Eu não vou levar o diploma para o céu

nem terei alianças de ouro após a morte.

Mas, esse êxtase espiritual, profundo e interior

será eterno e estará comigo para onde eu for. 


Eu encontrei Deus nesse bosque

e nessa vida introspectiva e serena.

Eu beijei a eternidade contemplativa

a alcancei a paz plácida da sacerdotisa.


O paraíso está em algum lugar

dentro de você mesmo, meu amor.

Não procure a felicidade por fora,

porque esse mundo é um vale de dor.


Não procure a felicidade no sucesso profissional, 

porque ela é simples e bela como uma flor anônima.
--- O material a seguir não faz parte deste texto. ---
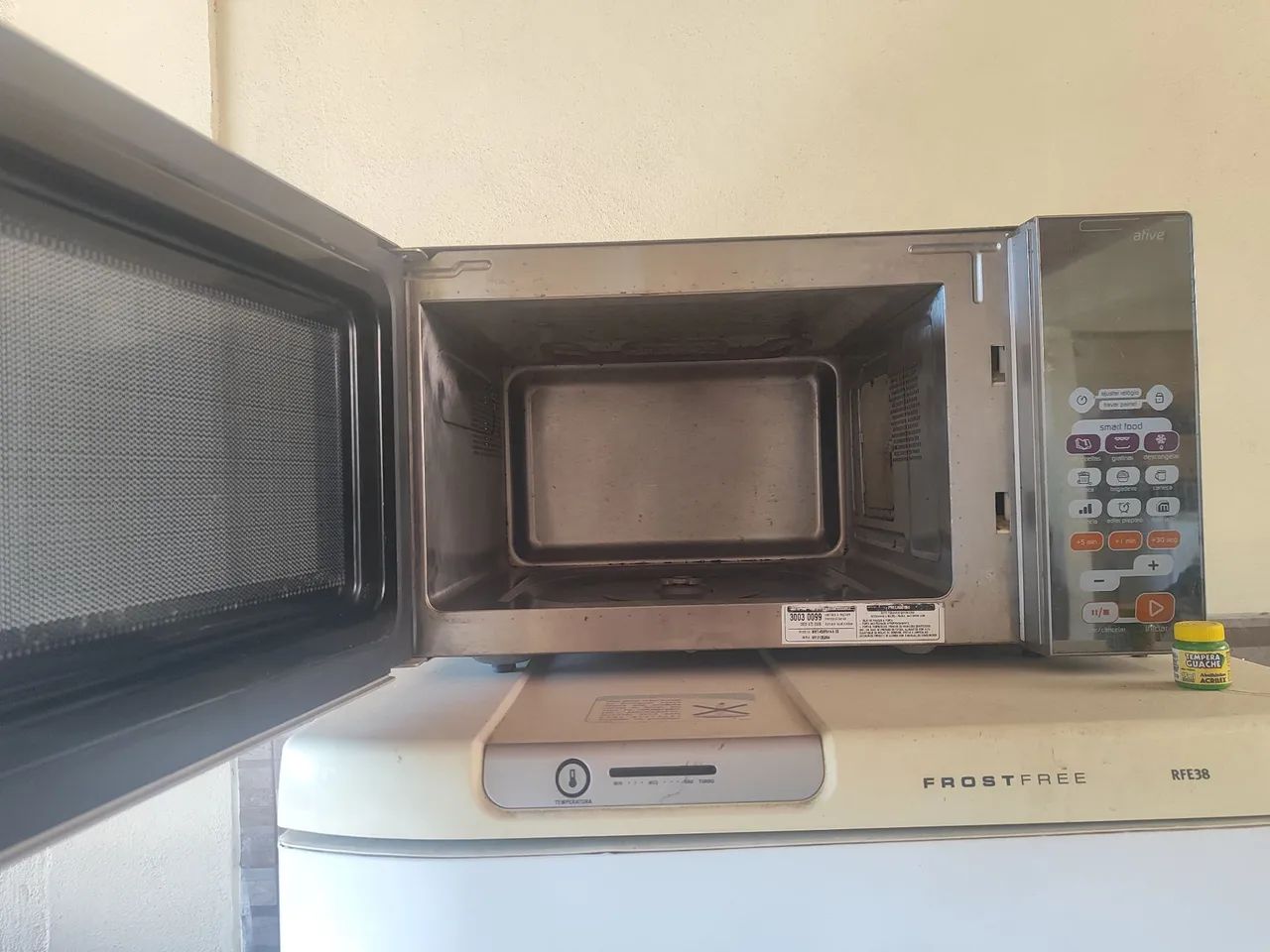 Microondas Brastemp espelhado  - Foto 3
Não procure a felicidade no status do seu diploma,

pois a sabedoria dela não vem do estudo convencional.


Não procure a felicidade no casamento,

porque o amor humano é oscilante e incerto.
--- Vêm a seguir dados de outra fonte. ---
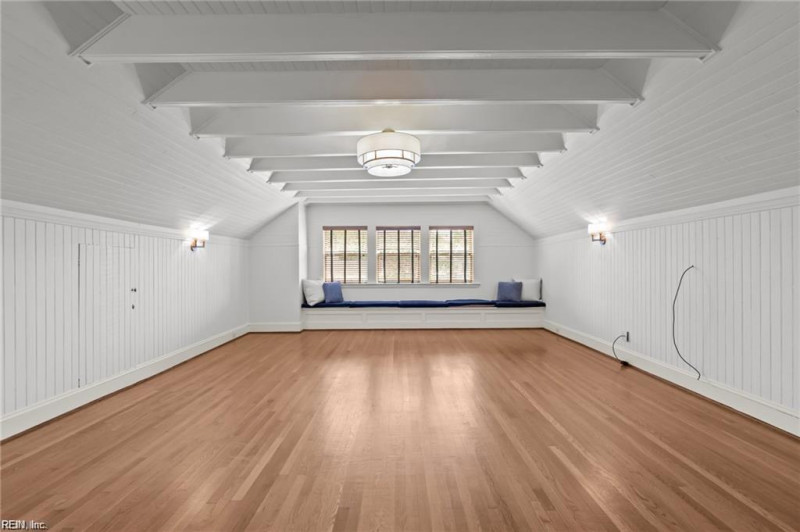 Photo 40 of 50 residential for sale in Norfolk virginia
Tenha amor-próprio e busque o amor divino,

pois o amor de Deus será perfeito e eterno.


Eu tomo meu café com calma

e faço carinho nos cachorros.

Encontrei a felicidade dentro da alma

numa vida simples e sem transtornos. 


As melhores pessoas que existem no mundo 

são as da minha família e estão na minha casa. 

Por que sair para conhecer gente duvidosa,

sem papo profundo e que pode ser tóxica?


Não me faça sair de casa hoje,

não me faça gastar as energias.

Não me faça chorar nem socializar!

Minha solitude é o meu bem-estar.


O isolamento é o doce paraíso dos introspectivos

e de todos os que foram tocados pela luz espiritual.
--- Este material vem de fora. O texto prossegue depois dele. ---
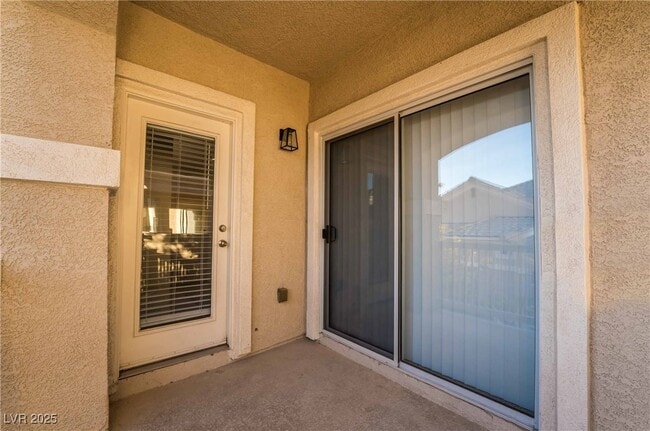 Building Photo - 5855 Valley Dr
A sociedade perde a graça com a sua energia mundana

a partir do momento que você conhece a beleza do Nirvana.


Meu espírito está mergulhado

no fogo da ascese e da bonança.

Nunca mais serei a mesma mulher,

porque manifestarei uma nova dança. 


Eu quero dançar a mesma dança de Sadhguru,

ouvindo as mesmas músicas do êxtase espiritual.

Eu quero dançar a mesma dança de Yeshe Tsogyal

antes de mergulhar no oceano da sabedoria ancestral. 


Poesia escrita por Tatyana Casarino. 



Yeshe Tsogyal


Sadhguru

Site oficial dele:





*Referências da poesia:



*Dharma é uma palavra em sânscrito que significa a missão espiritual de uma pessoa e a sua realização interior através de uma vida alinhada com o seu verdadeiro eu.

*Nirvana é uma expressão budista que significa a libertação do sofrimento interior obtida num estado de plenitude espiritual. 

*Sadhguru é um yogi, visionário e místico indiano que ficou famoso nos tempos atuais por causa da sua sabedoria espiritual e por ser um mestre espiritual que atingiu a iluminação no nosso tempo. Sua sabedoria é universal mesmo com os pilares do hinduísmo presentes nela. 

 Sua missão é propagar a "engenharia interior" do Yoga para fornecer ferramentas para a iluminação de outras pessoas no caminho do despertar espiritual. A sua Fundação Isha não tem fins lucrativos e oferece programas de Yoga ao redor do mundo. 


 Recentemente, um vídeo de Sadhguru dançando em êxtase espiritual diante do som de uma flauta ficou famoso:


"E aqueles que foram vistos dançando foram julgados insanos por aqueles que não podiam escutar a música". Friedrich Nietzsche. 







https://www.youtube.com/watch?v=niKA-ORBV9k



*Yeshe Tsogyal é uma santa tibetana que alcançou a iluminação no corpo de uma mulher. Ela nasceu como uma princesa, mas preferiu os estudos espirituais em vez da vida convencional e do casamento. 

*Clarice Lispector foi uma escritora e jornalista brasileira nascida na Ucrânia. Dentro de uma entrevista, ela falou a célebre frase (a frase da Clarice é interpretada com bom humor e ironia pelos intelectuais e admiradores dela):

  "E só estou triste hoje, porque estou cansada. No geral, sou alegre."